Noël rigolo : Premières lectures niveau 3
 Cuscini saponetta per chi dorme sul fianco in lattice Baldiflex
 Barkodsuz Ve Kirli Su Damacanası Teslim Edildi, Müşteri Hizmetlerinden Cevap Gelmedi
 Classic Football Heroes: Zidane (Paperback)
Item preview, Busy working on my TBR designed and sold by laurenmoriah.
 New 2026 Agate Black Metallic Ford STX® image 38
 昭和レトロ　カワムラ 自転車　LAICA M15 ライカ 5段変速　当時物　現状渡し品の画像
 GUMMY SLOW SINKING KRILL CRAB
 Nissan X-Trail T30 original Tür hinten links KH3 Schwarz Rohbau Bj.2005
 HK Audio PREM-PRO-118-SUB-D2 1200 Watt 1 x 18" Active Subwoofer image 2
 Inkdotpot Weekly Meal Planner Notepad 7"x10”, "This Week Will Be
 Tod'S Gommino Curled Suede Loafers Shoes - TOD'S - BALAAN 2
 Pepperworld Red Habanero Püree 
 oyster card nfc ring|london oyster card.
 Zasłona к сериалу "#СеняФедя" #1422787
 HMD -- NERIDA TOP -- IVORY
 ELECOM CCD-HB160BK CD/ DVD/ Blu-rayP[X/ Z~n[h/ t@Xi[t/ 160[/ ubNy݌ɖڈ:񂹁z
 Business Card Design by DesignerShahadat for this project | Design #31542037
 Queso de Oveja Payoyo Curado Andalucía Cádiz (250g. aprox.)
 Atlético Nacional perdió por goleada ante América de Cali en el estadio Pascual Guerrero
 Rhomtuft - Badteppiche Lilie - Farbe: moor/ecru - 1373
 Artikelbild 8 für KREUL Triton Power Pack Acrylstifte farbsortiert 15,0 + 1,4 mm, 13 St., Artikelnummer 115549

━━━━━━━━━━

Your task is to copy each line from the material above that includes the word "image".

 New 2026 Agate Black Metallic Ford STX® image 38
 HK Audio PREM-PRO-118-SUB-D2 1200 Watt 1 x 18" Active Subwoofer image 2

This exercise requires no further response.